After the EU summit in October ended without a clear outcome, the European Commission was tasked with exploring alternative ways to provide financial and military support to Ukraine in 2026–2027, Euronews reports. President Volodymyr Zelenskyy warned that the country will need funds “from the very beginning” of next year, while the flow of external aid is slowing due to actions by the current US administration. This uncertainty is prompting the Commission to consider different scenarios. What might these options look like?

Loans from Frozen Assets: Mechanism and Significance
The European Commission proposes providing Ukraine with €140 billion from frozen assets of the Russian Central Bank through Euroclear, the central securities depository in Brussels. Ukraine would only repay the loan after Russia compensates the damage. Then the Commission would reimburse Euroclear, which would then settle with Russia, theoretically avoiding confiscation.
The reparations loan is symbolic, showing that Ukraine receives funds directly from the aggressor, not European taxpayers, emphasizing justice and accountability.
Although most EU capitals generally support this plan, Belgium is blocking it. As the main owner of the assets, Belgium fears bearing the risk alone if Russia retaliates and is therefore demanding guarantees of solidarity from all EU members.

Extended Loan: Accessing Additional Resources
Belgium also criticizes the plan because it is based on roughly €185 billion, while frozen assets of the Russian Central Bank in the EU are estimated at about €210 billion. This leaves around €25 billion unaccounted for due to access difficulties or lack of information. The Commission could locate these additional assets in France or Luxembourg and add them to the proposal. However, if the assets are held in private accounts, banking secrecy may complicate access. Even then, Belgium would remain the key source.
Joint Debt and Grants: Mobilizing Support
If Belgium refuses to support the plan, the Commission may turn to financial markets, issuing new debt on behalf of all member states. Early in the war, the EU used this approach through macro-financial assistance (MFA) programs, which Ukraine eventually had to repay.
An alternative is to provide grants as non-repayable aid, financed from Member States’ budgets. Legally safer, this option is politically sensitive for many countries. Thus, the Commission faces a choice: risk issuing debt, which would add financial pressure on Ukraine or EU budgets, or use grants, which are legally safer but politically more complex.
Bilateral Agreements: an Alternative Approach
There is another scenario. If EU-level decisions fail, countries could continue support via bilateral agreements. This allows countries to circumvent obstacles, as Ukraine once did with Hungary’s veto on military aid. However, this approach is unstable, as a newly elected government in any country could reduce or stop aid, forcing others to cover the shortfall.

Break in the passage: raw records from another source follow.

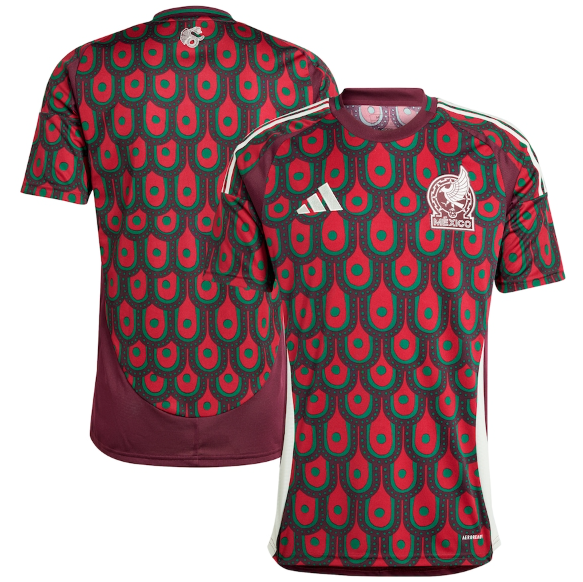 adidas Mexico FMF Copa America 2024 Home Jersey - Burgundy/Multi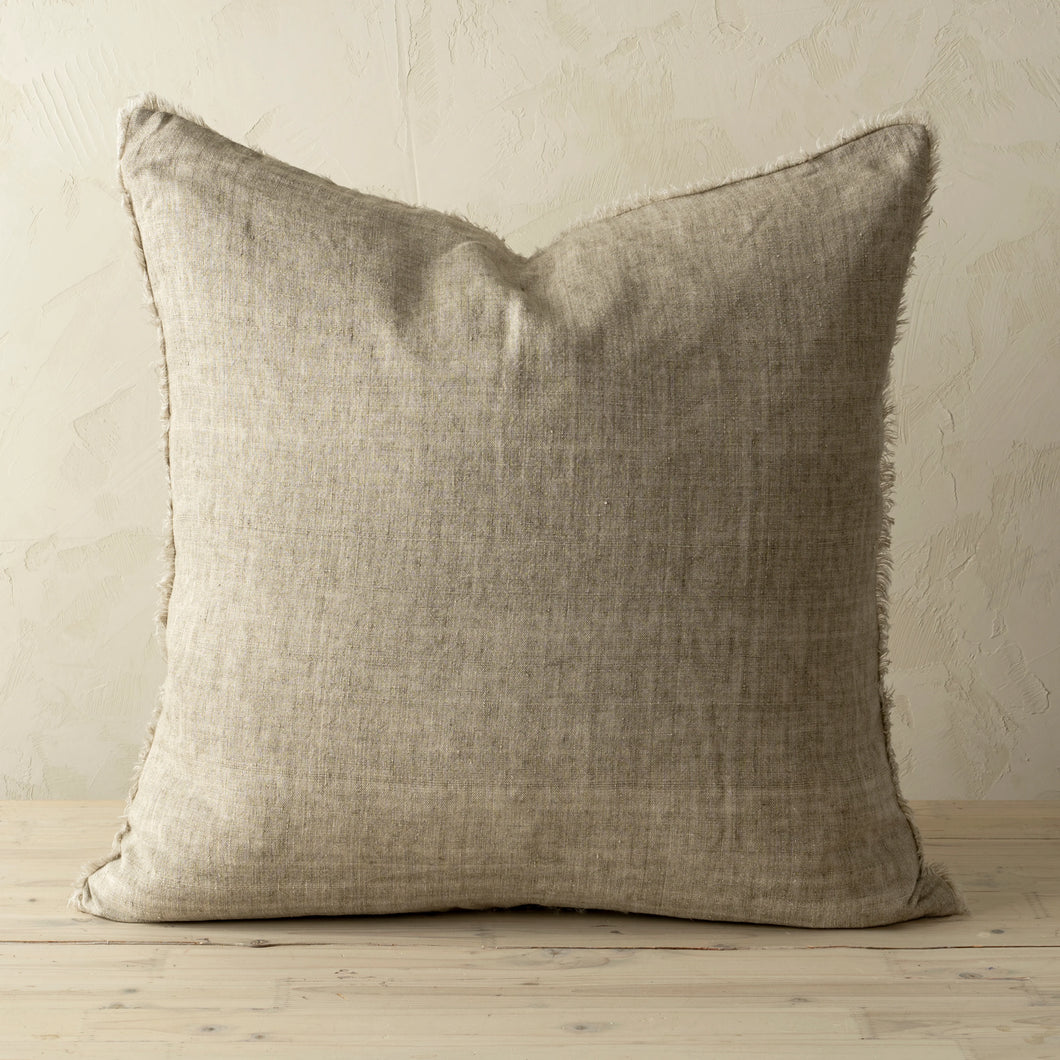 Almond Lina Linen Cushion, 24 x 24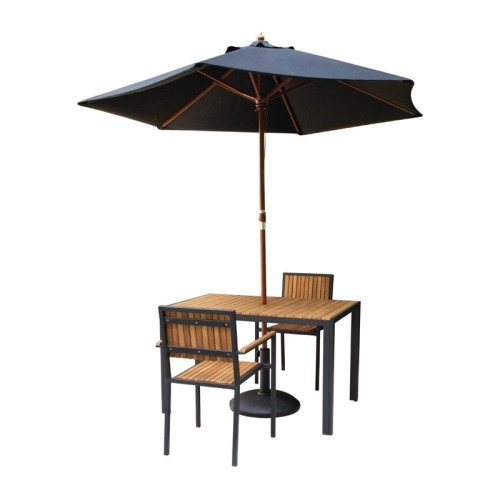 Bolero rechteckiger Stahl- und Akazienholztisch 120x80cm. Vorgeölt für langjährigen Gebrauch. Stahlgestell,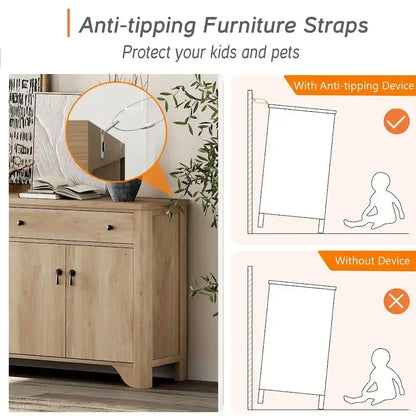 WAMPAT 122  W Large Farmhouse Sideboard, Sideboard Buffet Cabinet with Doors and Adjustable Shelf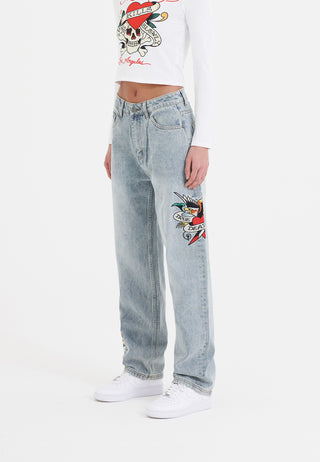 Damskie jeansy True-Til-Death o swobodnym kroju – wybielacz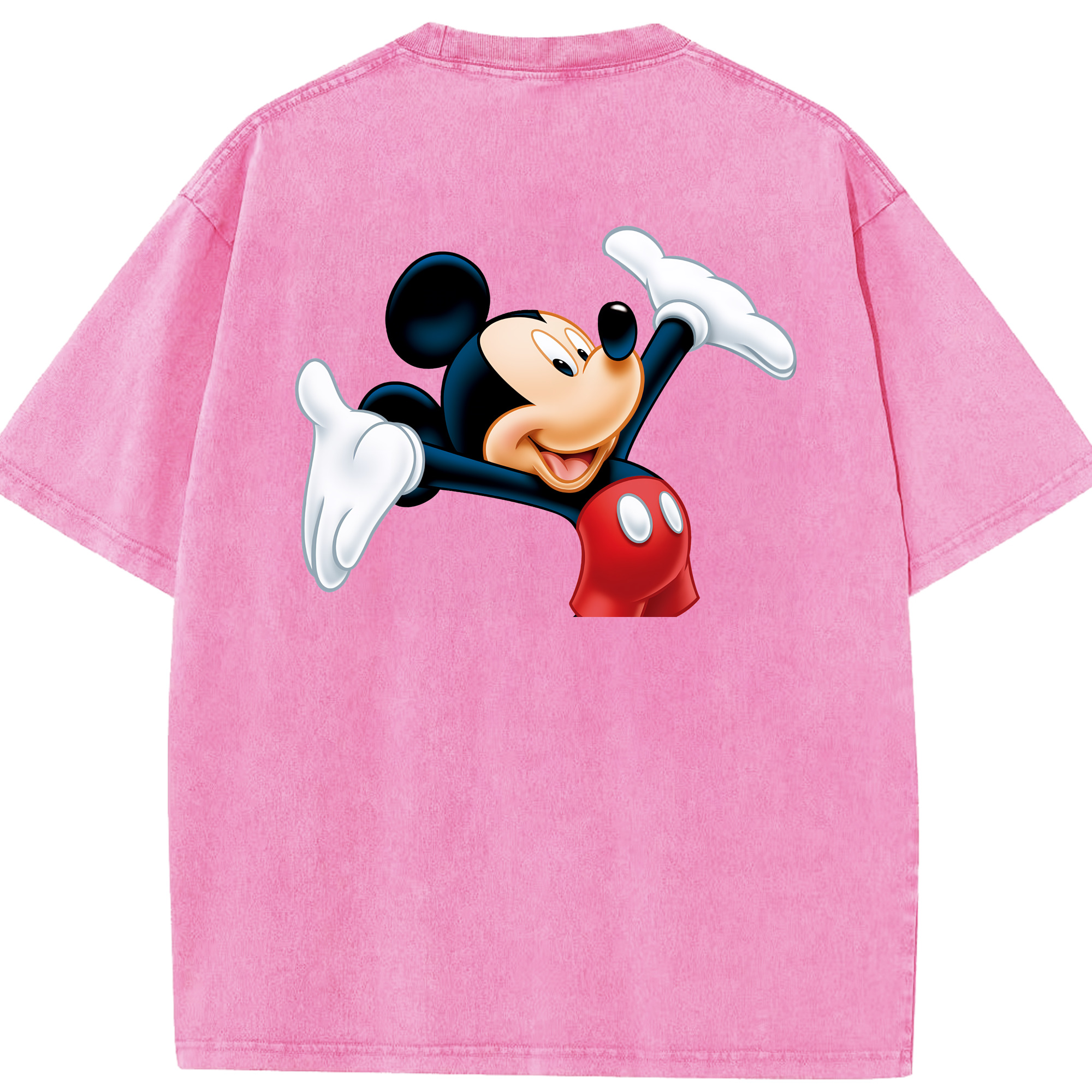 （画像用） ミッキーマウス Mickey Mouse 綿100% ヴィンテージ風 半袖Tシャツ（背面プリント）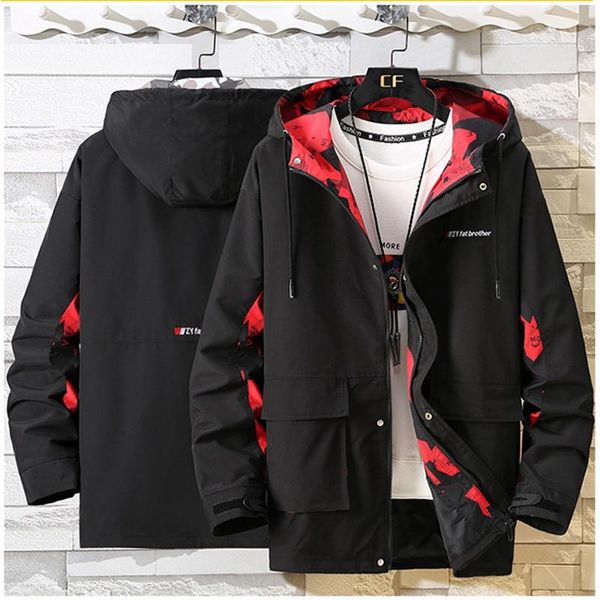 

men's jackets spring and autumn large size hooded jacket windproof 10xl-5xl fashion pocket zipper casual workwear, Black;brown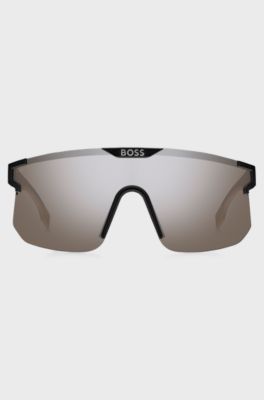 Black mask-style sunglasses with branded temples and bridge, Black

Bridge Loan: Covering Urgent Needs
Another option is a “bridge” loan for a few months to cover Ukraine’s most urgent needs while negotiations over frozen assets continue. This is easier for governments to approve under political pressure, but it only delays a final decision and does not solve the long-term issue.
Final Choice: Options and Decision
EU leaders will decide the final mechanism at the December summit, determining Ukraine’s financial and military support for 2026–2027. The EU faces a dilemma. It can choose an ambitious, symbolic option, but this carries a risk of delay. Alternatively, it can select less effective mechanisms that are more stable.
The reparations loan remains the most ambitious and symbolic choice. Extending it to include additional assets could ease Belgium’s concerns but remains legally and politically complex. Joint debt and grants are legally safer but create financial or political burdens for member states with limited budgets. Bilateral support and temporary bridge loans allow a rapid response. However, they are unstable. Any change in government could reduce the support, as it depends on political cycles.
The EU must make a final decision that balances ambition, effectiveness, and stability. This decision will determine the funding Ukraine receives. It will also affect the EU’s ability to support Ukraine at a strategically important stage.